Kadar dioksin yang ditemukan dalam telur ayam di sana 80 kali
lebih tinggi dari batas aman WHO. Anak-anak di daerah itu menderita
infeksi saluran pernapasan—namun pemerintah masih membiarkannya terus terjadi.
Perubahan iklim dan pencemaran juga merusak kesehatan mental
anak, “ 93,2% dari 1183 responden gen z menyatakan Cemas dengan kerusakan
lingkungan akibat krisis plastik/krisis iklim” ungkap Nina. Saya melihat begitu
banyak anak muda yang berjuang melawan kecemasan iklim, stres, dan
frustrasi, terutama anak perempuan yang sudah dibebani oleh tekanan
sosial. Menurut sebuah studi di Asia Tenggara, 64% anak mengatakan
bahwa bencana iklim meningkatkan risiko pelecehan fisik atau emosional terhadap
mereka
Unicef report Violence Against Children The
Forgotten Impact of Climate Change (Why child protection must be central to
climate resilienceand adaptation in East Asia and Pacific), April 2025)
menyebutkan :
Anak perempuan menjadi pihak yang dikorbankan.
Secara global, sekitar 9
juta anak perempuan setiap tahun berisiko menghadapi bencana iklim sekaligus
pernikahan dini—dan pernikahan itu justru meningkatkan risiko kekerasan
berbasis gender serta ketimpangan seumur hidup
Kasus demam berdarah, terutama di kalangan anak-anak,
akibat kenaikan suhu.
Di sekolah, anak-anak
setiap hari mengonsumsi camilan yang dibungkus plastik saset. Antara 2020 dan
2023, diabetes pada anak di Indonesia meningkat 70%. Mengapa?
Karena makanan tidak sehat, kemasan beracun, dan kurangnya air bersih. Dan di
seluruh kawasan Asia-Pasifik, bahayanya bahkan lebih besar.
Orientasi Profit
·
Polusi
udara dan pencemaran perairan dipicu oleh praktik bisnis yang hanya
memprioritaskan profit mengabaikan people dan planet, Pelanggaran yang
berdampak kerusakan lingkungan harus ditindak tegas, dibutuhkan Penegakan nyata hukum lingkungan. Bukan sekadar regulasi di atas kertas,
tapi pemantauan, hukuman, dan tindak lanjut yang nyata.
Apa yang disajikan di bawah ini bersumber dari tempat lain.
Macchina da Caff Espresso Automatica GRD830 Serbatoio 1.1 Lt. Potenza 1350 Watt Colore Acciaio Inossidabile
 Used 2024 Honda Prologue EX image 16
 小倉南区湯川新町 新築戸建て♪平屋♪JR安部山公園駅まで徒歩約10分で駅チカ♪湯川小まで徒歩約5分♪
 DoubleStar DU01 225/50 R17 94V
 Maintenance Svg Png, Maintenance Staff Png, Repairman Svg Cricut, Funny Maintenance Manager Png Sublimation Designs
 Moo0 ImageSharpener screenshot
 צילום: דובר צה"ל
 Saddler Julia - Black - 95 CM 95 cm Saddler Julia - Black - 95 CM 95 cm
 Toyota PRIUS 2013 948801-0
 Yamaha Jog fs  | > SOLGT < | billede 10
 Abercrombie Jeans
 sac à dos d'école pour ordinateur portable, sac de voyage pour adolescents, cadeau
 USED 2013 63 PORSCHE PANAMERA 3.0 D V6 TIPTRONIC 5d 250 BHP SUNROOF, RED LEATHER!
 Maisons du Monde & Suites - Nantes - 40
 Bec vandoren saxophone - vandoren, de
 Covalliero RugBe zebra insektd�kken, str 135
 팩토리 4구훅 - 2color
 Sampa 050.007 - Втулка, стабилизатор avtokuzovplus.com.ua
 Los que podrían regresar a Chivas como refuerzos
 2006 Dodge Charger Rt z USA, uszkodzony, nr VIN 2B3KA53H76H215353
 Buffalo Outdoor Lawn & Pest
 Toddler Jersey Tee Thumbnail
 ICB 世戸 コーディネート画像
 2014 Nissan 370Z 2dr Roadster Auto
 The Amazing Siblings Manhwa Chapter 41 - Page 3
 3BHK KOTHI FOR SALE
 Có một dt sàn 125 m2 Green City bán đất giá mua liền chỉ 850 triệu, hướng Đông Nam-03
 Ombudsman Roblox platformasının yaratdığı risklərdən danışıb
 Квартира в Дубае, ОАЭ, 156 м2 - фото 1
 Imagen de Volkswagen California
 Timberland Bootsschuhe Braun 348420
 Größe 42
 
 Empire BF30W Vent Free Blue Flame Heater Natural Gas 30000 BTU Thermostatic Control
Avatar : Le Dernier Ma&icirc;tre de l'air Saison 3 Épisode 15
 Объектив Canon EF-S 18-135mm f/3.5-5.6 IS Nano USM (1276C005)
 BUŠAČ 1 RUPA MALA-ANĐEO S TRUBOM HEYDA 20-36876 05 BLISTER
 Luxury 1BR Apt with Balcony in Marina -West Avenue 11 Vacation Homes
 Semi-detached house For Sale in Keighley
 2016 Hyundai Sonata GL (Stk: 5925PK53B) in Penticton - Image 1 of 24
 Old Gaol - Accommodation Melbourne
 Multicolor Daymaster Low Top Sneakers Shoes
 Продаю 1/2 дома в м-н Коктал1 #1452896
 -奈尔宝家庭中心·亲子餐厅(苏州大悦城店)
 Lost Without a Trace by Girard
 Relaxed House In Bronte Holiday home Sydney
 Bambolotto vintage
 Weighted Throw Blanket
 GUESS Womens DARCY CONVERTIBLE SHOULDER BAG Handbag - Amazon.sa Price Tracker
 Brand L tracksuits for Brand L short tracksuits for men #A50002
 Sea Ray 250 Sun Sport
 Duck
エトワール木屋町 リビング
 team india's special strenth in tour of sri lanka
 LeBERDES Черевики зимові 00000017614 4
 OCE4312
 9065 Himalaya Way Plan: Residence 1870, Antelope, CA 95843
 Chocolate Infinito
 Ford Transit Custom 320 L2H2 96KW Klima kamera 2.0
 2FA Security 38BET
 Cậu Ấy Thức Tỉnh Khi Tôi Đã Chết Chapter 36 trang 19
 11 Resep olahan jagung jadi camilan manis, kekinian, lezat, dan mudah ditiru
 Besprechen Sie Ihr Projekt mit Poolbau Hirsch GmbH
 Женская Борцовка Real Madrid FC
Perusahaan
pencemar harus didenda atau ditutup jika melanggar aturan pengelolaan limbah.
“Sektor bisnis harus
bertanggungjawab atas dampak kegiatannya, sector bisnis harus patuh aturan dan
Pemerintah Harus memberikan Ruang aman bagi masyarakat untuk melapor tentang
pelanggaran lingkungan, serta sistem yang jelas untuk mendukung
korban—khususnya perempuan dan anak-anak.” ungkap Nina, lebih
lanjut Nina menjelaskan bahwa polusi menyebabkan gangguan kesehatan.
air bersih, udara bersih, dan rumah yang aman bukanlah kemewahan—melainkan hak asasi manusia, Industri wajib mematuhi standar pengolahan limbah, terutama di sektor berbahaya seperti plastik dan pertambangan. Jangan hanya memikirkan ekonomi. Pikirkan anak-anak yang menghirup udara itu, minum air.